Why the seemingly contradictory pattern? As we’ve noted in earlier posts, the UK has been authorizing new community radio stations at a record pace. The country now has 207 of them, and is launching a new one on average every 13 days. But thanks to the global recession, grant income for these stations has declined. Most grants come directly from the UK’s central government, local and municipal agencies, or Ofcom’s Community Radio Fund.
The last mentioned grantor does still give out awards. Earlier this month a dozen stations received some CRF love, among them Leicester’s “Takeover Radio,” a children’s community station. But, not surprisingly, this kind of largesse is harder to come by these days. The CRF now focuses its grants on funding community radio staffers who specialize in generating income elsewhere.

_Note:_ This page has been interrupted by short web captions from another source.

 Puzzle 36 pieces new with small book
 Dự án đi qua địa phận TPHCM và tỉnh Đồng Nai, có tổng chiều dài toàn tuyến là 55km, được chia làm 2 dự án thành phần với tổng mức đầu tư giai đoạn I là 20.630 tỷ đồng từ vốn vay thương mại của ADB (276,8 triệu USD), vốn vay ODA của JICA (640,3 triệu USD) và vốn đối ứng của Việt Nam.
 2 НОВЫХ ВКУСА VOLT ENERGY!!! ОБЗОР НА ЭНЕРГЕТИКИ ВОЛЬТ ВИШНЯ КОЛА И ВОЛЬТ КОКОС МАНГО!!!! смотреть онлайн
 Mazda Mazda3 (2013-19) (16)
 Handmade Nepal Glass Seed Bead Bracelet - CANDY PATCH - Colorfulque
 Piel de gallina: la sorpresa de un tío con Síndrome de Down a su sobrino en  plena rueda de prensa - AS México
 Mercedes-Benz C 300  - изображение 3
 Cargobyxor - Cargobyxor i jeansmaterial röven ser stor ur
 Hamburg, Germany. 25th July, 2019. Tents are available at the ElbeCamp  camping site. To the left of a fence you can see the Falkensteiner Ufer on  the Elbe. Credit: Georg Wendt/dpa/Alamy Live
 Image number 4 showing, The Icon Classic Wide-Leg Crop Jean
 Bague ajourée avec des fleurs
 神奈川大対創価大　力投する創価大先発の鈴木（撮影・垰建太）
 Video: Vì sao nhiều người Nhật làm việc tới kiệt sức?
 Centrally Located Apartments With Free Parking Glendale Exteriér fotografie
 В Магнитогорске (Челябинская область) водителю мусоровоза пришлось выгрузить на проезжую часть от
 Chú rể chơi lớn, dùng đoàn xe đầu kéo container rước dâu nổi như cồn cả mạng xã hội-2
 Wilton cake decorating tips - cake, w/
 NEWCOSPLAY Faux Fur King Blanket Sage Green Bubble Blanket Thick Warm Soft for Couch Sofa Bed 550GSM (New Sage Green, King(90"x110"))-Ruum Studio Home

As a result, in 2012: “For the first time income from grants and income from on-air advertising and sponsorship were equal, at 29% each,” Ofcom notes.
The pie chart on the right shows some interesting trends. As Ofcom notes in the report, community radio stations that serve cities generate the most income, over 40 percent of it from grants. Stations that focus on ethnic minorities sell the most advertising. “The trend remains for stations serving religious communities to receive the largest single part of their income, 36%, from donations.”